**Directions:**
All pictures are to be omitted while the lines starting at the line with "The Stress-Relief Lamp by Conscious Items" and ending at the line with "ISWARI Barrita Avena Choco Chip 18 uds" in the material below are retyped exactly, both ends included.

**Dataset:**
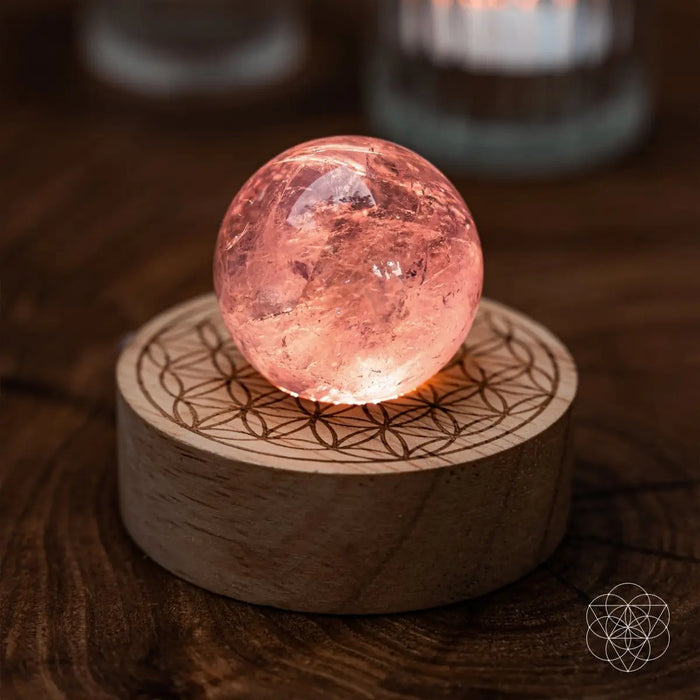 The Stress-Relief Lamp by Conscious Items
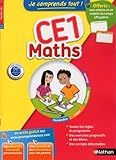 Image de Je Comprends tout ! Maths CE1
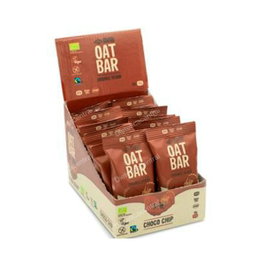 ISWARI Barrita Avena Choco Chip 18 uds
...
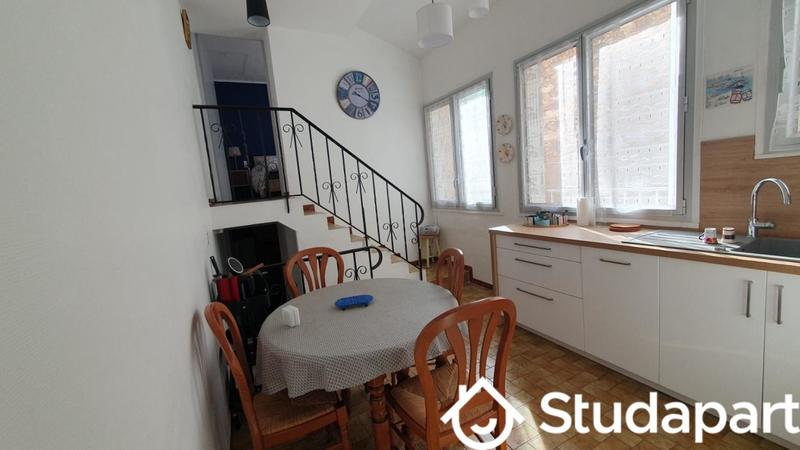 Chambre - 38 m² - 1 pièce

**Exercise answer:**
 The Stress-Relief Lamp by Conscious Items
 Image de Je Comprends tout ! Maths CE1
 ISWARI Barrita Avena Choco Chip 18 uds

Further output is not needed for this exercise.